У нас были на выбор кальян, чубук и хука, и каждый по своей прихоти сделался турком, персом или индийцем.
И тогда, чтобы мы не упустили в этот вечер ни одного из удовольствий, один из банщиков взял нечто вроде гитары, снабженной ножкой и поворачивающейся на ней, так что это струны ищут смычок, а не смычок ищет струны, и принялся наигрывать какую-то жалобную мелодию, служившую музыкальным сопровождением к стихам Саади.

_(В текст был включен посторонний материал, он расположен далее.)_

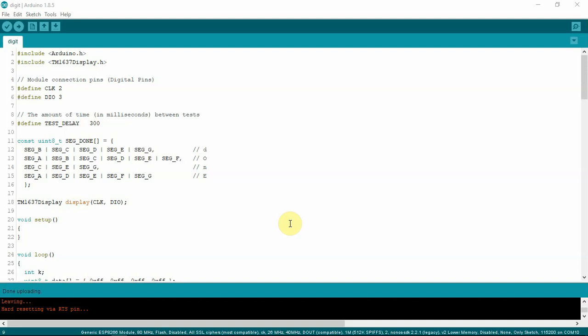All right, FuzzPiGuy here. I'm going to show you an issue that I thought I would share. I'm using an ESP8266 and it's connected to the four digit seven segment display.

Эта мелодия убаюкивала нас так хорошо и так сладко, что наши глаза закрылись, кальян, чубук и хука выпали из наших рук, и мы, признаться, заснули.
На протяжении полутора месяцев, проведенных мною в Тифлисе, я ходил в персидские бани через день.
XLII. КНЯГИНЯ ЧАВЧАВАДЗЕ
Фино обещал сопроводить меня к княгине Чавчавадзе, которую нам не удалось застать дома, когда мы впервые нанесли ей визит.
Он явился за мной на другой день после нашего похода в персидскую баню, в два часа пополудни.
В этот раз княгиня была дома и приняла нас.
Княгиня Чавчавадзе слывет женщиной, обладающей самыми красивыми глазами во всей Грузии, этой стране, где столько красивых глаз; но что поражает прежде всего при первом взгляде на княгиню, так это ее профиль, наделенный греческим совершенством, а лучше сказать, грузинским совершенством, то есть не чем иным как греческим совершенством, к которому прибавлена жизнь.
Греция — это Галатея, но еще мраморная; Грузия — это Галатея одушевленная, ставшая женщиной.